To be something, to have any value at all, there must be a communication - a
communing - a community of teller/listener at its most basic, but in
philosophy the community is so much bigger that to ignore it and focus on
the individual - in an age where individualism is rampant and killing us -

Well.  It just sucks.  That's all.

 Ayn Rand.  She'd  throw quality out the window just to be the queen bee.



> Until we realize the truth of this epistemology, we will be frantically
> trying to fit the pieces of our experiential world, including its esthetic
> and moralistic attributes, into a unified whole which does not exist.



Ah yes, and what a shame that would be.  Assuming a unifying good that
doesn't exist, why just think of all the harm that would be done.  People
would treat each other as if they were important rather than emeffers in my
way when I'm waiting in line at Walmart.



> This "whole" that we struggle to construct as a collectivist paradigm is
> our secular culture's substitute for the Creator or Primary Source.  It will
> never work, because ultimate reality is not a collection of patterns,
> levels, parts, or ideas.  It is One in  Essence.
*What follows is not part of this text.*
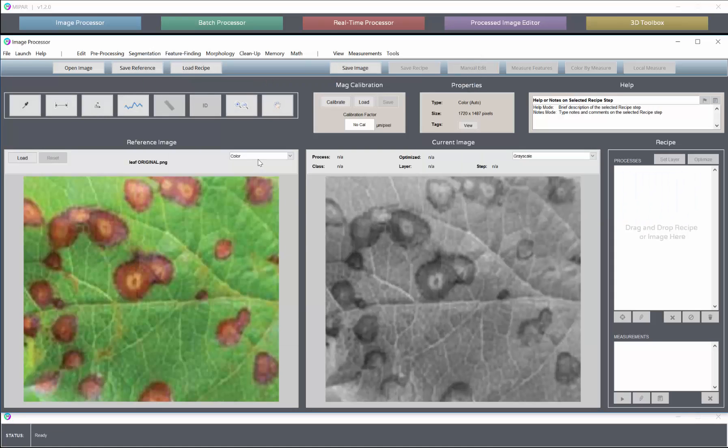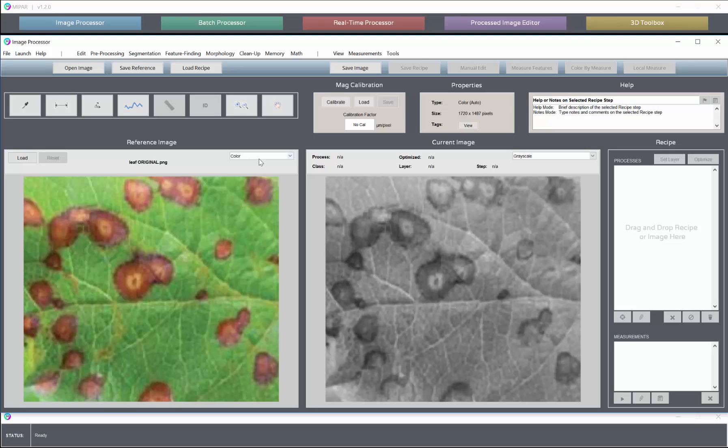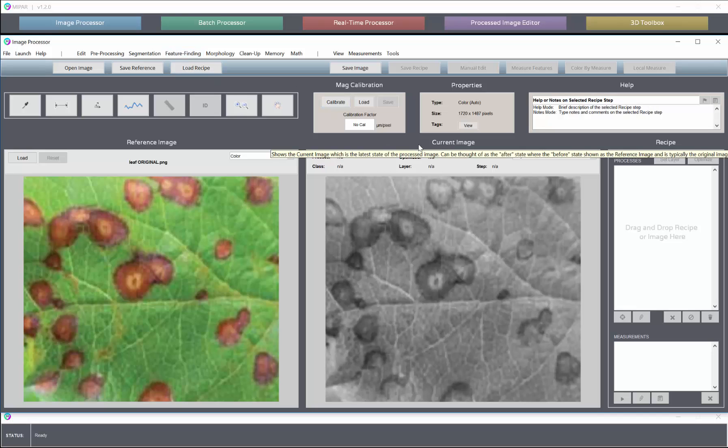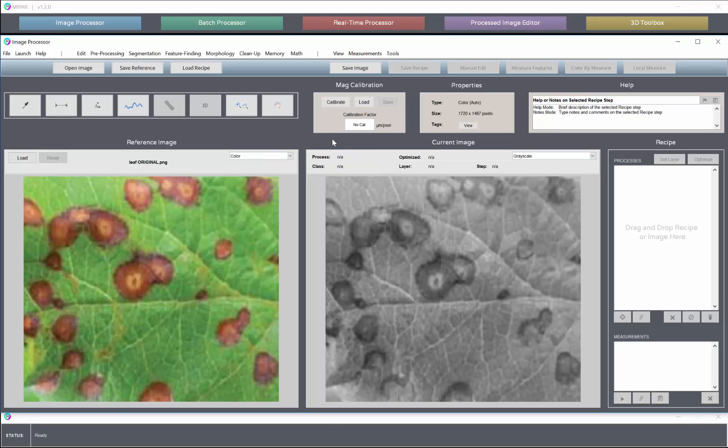Now as you've likely come to be accustomed to, a recipe is a sequence of black and white or grayscale steps. The black and white steps represent selection steps that are selecting portions of the image. The grayscale images are manipulations of the raw intensity.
Well, as much as I appreciate your assessment of the situation (not much, in
case you didn't already know) I'll have to pass on your formulation of
ultimate reality.  It may work for your navel but it doesn't work in mine.
 And it's all about the individual, right?


>
> Thanks for your time and tolerance.
>
> Best wishes,
> Ham


You're welcome.  I hope you don't get all offended at my attitude and storm
off into the great emptiness... but honestly Ham.  Ayn Rand is a prophet?
 You and Platt are gonna have to be brought to the woodshed.  I can see it.